The cave people believed that the shadows they saw were the “truth,” just like the
majority of the world who believe in and pursue shadows based on money, education,
fame, love and so on.

These are generally the ideas and social norms that we’ve been told to stick to from
childhood because of the majority consensus.

3. LOGIC-
Through logic, It describes Philosophy….
to add up, There are Three Acts of Human Intellect
● Simple Apprehension - the mind merely grasps a thing without affirming or
denying anything about it. (Like for example: We already know that this is a
pencil, we already knew about it because We can already see from just one look
of it)
● Judgment- once we have concepts, we begin to make judgments.
It happens from joining or dividing two or more concepts and is a statement
about the way things really are. Like for example: When someone says the Apple
is sweet.

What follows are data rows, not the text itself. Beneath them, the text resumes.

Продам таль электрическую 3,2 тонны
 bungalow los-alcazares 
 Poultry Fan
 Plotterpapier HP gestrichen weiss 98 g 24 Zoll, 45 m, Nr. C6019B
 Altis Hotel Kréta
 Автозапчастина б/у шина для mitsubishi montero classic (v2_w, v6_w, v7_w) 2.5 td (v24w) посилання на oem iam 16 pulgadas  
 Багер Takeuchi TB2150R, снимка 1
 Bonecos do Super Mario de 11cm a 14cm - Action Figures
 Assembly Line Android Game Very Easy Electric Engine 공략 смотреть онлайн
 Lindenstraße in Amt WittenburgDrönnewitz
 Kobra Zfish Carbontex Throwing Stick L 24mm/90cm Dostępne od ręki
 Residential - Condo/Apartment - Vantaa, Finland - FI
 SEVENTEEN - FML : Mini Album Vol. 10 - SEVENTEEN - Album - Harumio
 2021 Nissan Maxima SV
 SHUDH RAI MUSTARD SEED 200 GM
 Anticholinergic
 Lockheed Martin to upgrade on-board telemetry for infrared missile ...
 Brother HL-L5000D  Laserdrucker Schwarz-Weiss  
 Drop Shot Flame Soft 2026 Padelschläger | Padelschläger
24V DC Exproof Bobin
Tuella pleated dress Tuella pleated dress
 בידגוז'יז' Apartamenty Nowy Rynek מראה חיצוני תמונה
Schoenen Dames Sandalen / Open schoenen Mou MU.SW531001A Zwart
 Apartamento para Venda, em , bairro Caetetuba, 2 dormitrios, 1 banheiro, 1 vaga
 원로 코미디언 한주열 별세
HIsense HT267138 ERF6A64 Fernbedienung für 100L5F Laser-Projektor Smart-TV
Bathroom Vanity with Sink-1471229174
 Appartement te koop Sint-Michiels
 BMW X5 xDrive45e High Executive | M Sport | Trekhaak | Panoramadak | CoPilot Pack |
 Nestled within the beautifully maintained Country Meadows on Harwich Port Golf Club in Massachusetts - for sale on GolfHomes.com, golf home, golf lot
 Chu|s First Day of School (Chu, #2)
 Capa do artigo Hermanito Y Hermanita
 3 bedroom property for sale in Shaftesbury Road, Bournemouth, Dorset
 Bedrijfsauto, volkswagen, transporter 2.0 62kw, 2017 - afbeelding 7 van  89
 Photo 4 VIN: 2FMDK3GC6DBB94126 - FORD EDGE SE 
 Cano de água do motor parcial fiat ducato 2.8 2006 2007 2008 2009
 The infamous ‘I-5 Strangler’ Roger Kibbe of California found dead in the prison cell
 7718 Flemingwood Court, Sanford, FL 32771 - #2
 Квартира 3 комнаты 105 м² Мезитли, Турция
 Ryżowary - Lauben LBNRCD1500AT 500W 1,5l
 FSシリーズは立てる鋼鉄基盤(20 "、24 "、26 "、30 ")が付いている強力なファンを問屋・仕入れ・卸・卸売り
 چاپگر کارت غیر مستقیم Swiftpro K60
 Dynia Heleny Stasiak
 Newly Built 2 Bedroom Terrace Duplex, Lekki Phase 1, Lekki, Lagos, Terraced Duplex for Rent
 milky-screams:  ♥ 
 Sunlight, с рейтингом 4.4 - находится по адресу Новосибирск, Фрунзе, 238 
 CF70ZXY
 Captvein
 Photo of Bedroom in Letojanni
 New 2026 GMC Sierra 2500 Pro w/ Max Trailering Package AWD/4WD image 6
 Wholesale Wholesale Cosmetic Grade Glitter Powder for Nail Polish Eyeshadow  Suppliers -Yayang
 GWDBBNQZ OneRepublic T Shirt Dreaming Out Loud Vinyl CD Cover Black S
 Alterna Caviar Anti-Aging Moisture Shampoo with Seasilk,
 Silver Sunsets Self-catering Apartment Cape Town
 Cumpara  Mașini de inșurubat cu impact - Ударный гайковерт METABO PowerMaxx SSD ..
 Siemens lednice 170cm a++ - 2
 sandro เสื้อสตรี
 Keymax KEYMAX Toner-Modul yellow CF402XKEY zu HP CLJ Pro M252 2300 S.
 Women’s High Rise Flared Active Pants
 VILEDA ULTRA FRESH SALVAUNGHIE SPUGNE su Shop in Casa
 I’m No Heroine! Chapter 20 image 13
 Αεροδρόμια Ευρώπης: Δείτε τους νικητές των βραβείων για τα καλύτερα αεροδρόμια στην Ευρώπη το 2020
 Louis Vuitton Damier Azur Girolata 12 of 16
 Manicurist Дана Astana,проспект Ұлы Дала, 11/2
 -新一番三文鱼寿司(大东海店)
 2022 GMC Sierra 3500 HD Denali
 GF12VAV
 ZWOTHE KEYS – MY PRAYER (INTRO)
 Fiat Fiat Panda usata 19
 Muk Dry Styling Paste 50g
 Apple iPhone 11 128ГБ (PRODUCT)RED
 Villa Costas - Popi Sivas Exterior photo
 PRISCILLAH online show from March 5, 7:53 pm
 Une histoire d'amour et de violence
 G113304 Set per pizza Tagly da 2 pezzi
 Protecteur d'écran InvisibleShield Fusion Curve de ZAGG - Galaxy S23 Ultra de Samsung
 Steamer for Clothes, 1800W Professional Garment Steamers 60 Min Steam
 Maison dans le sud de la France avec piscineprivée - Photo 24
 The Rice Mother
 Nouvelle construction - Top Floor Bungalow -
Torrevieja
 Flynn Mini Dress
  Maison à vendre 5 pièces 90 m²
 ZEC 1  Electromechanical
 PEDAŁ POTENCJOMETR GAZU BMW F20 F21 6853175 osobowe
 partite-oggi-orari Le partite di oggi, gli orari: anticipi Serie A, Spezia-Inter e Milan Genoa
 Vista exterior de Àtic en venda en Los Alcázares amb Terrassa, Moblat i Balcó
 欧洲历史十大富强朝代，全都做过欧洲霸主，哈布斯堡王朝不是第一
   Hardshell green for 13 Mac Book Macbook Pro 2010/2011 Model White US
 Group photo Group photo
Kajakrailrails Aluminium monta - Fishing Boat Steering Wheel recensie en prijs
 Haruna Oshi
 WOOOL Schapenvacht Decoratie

Take the words, “apple” and “sweet” = It is True if it is the way
things really are.)
● Reasoning - aims at forming arguments through propositions and syllogisms.

To sum it all up, The main objective of Logic is to arrive at a valid reasoning.

MIDTERMS:

1. Syllogism -So In Conclusion, Syllogisms are the basis for logic. If you don't follow the
19 syllogism and all of its rules, your arguments can collapse into logical fallacies, and
that's a problem. Learning the rules of syllogisms will improve your logical arguments
also. Like in real life, It strengthens your opinions and gives a meaningful stand to where
you are at.

FINALS
1. Fallacy - We see them on social media. heard them in movie dialogue. We have
probably even used them yourself.
They’re logical fallacies, those not-quite logically sound statements that might seem solid
at first glance, but crumble the moment you give them a second thought.

Logical Fallacies, an argument that can be disproven through reasoning. This is different
from a subjective argument or one that can be disproven with facts; for a position to be a
logical fallacy, it must be logically flawed or deceptive in some way.
(And These are the 15 fallacies we have discussed)

In any context, including academic debate, a conversation among friends, political


discourse, advertising, or for comedic purposes, the arguer may use fallacious reasoning
to try to persuade the listener or reader, by means other than offering relevant evidence,
that the conclusion is true.And As a student, learning these fallacies, teaches us to
identify these errors in other people's arguments and avoid them in your own. Learning
how the different types of common fallacies are defined and categorized also means
you're equipped with a convenient way to critique and describe arguments.